CONSTRAINING THE CHRONOLOGY OF FAULT MOVEMENTS BASED ON FLUID BEHAVIOR CHARACTERISTICS

A fault is a deformation structure characterized by the relative displacement of rocks on either side due to slip (shear), resulting in features formed by fracturing or crushing. Large fault zones exhibit complex internal structures that can either facilitate or impede fluid movement. Fluid influx and release in a fault zone can cause or result from repeated slipping during the seismic cycle. Thus, in geological timescale, fault movement and development can be inferred to coincide with fluid influx during specific deformation stages. The fluids entering the fault zones mostly contain significant amounts of common lead, which can be used to constrain the timing of fault activity by determining the period of common lead influx. In this study, U-Pb dating was conducted on zircon separated from the host rock and fault core at major fault sites in South Korea.
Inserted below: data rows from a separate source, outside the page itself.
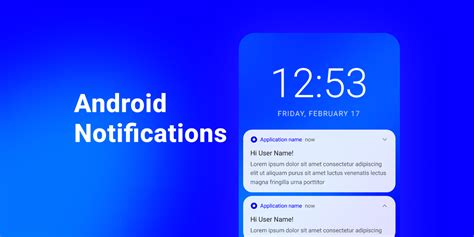 Toradh íomhá ar Notification Pages Android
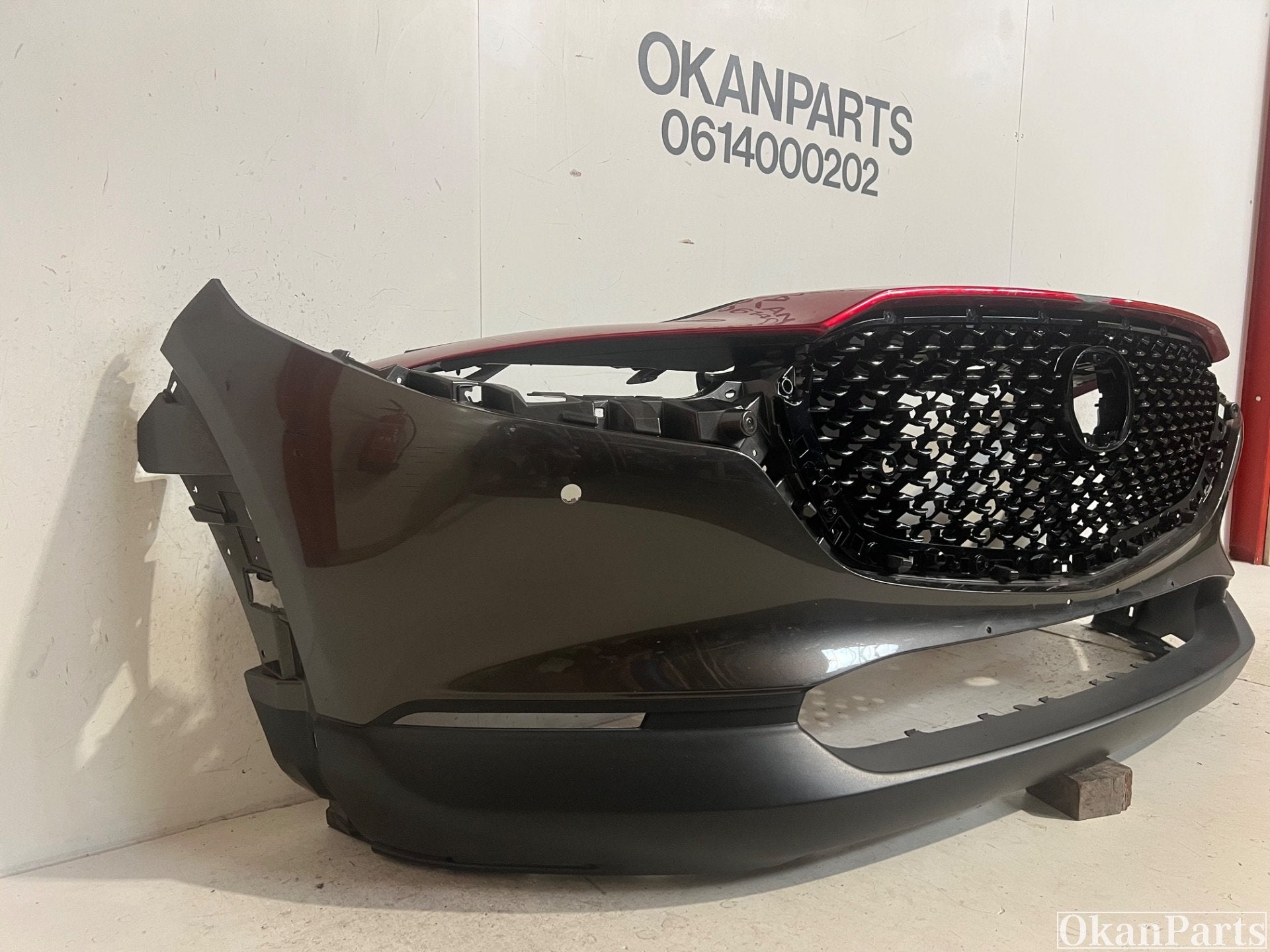 Mazda CX-30 CX30 CX 30 voorbumper DFR5-50031, Info@fabrikant.eu, Ophalen of Verzenden, Bumper, Fabrikant BV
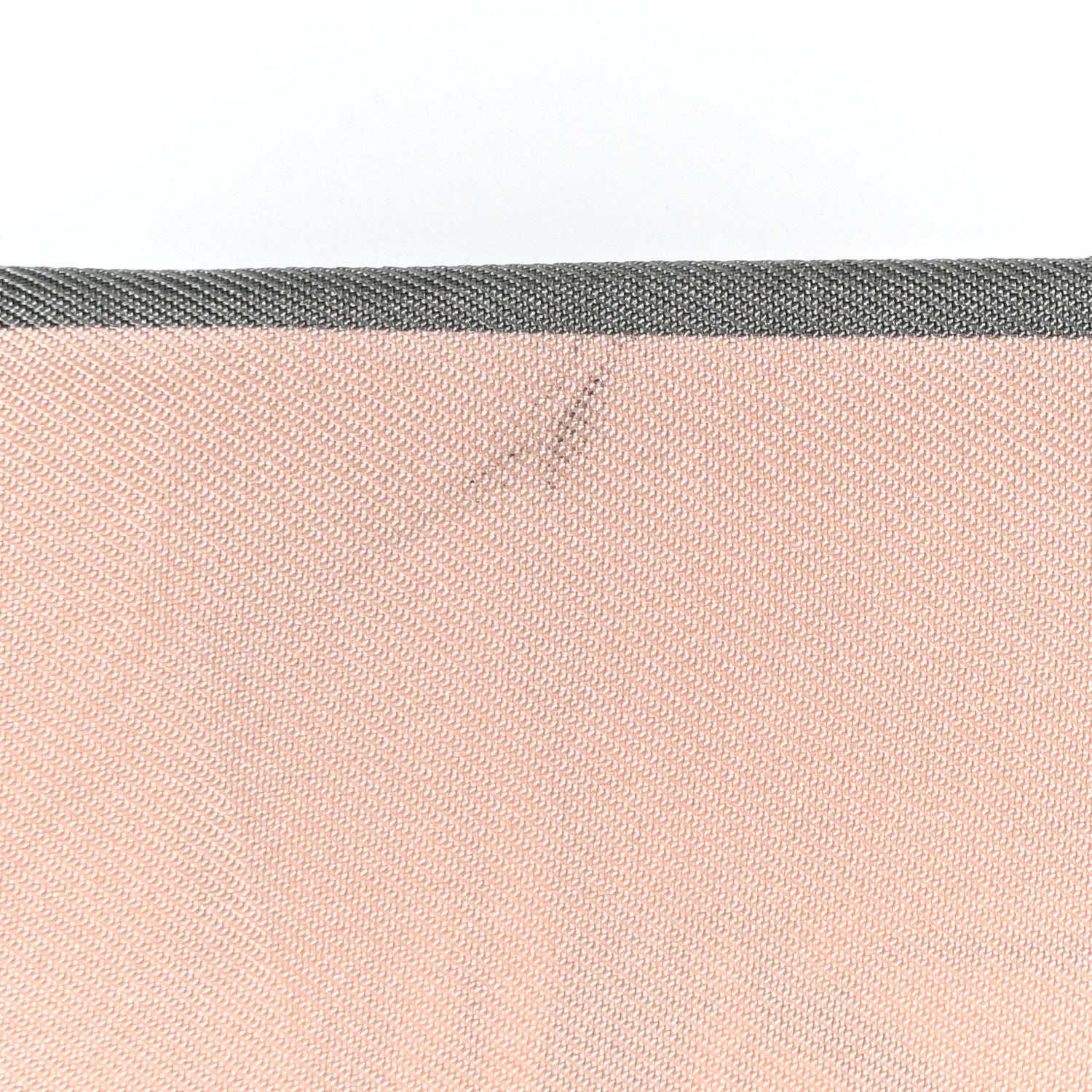 Louis Vuitton Silk Monogram Trunks Bandeau Rose Poudre 5 of 7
Before U-Pb dating analysis, backscattered electron imaging and cathodoluminescence imaging were performed to select appropriate analysis spots and to observe internal structural changes in the zircon caused by fluid. Observations of the zircon's internal structure reveal that the fresh host rocks predominantly contained zircons with well-developed oscillatory zoning typical of igneous rocks. However, zircons separated from the fault core exhibit numerous microcracks developed due to fluid influx, along with micro-inclusions formed or introduced along these cracks. The U-Pb dating results yield that the zircons from the fault-unaffected host rocks were mostly aligned along the concordia line, indicating the crystallization age of the zircon. In contrast, the U-Pb dating results for zircons separated from the fault core were plotted as discordant ages due to common lead influx. Utilizing these discordant ages caused by common lead can be effectively used in future to constrain the timing of fault movements.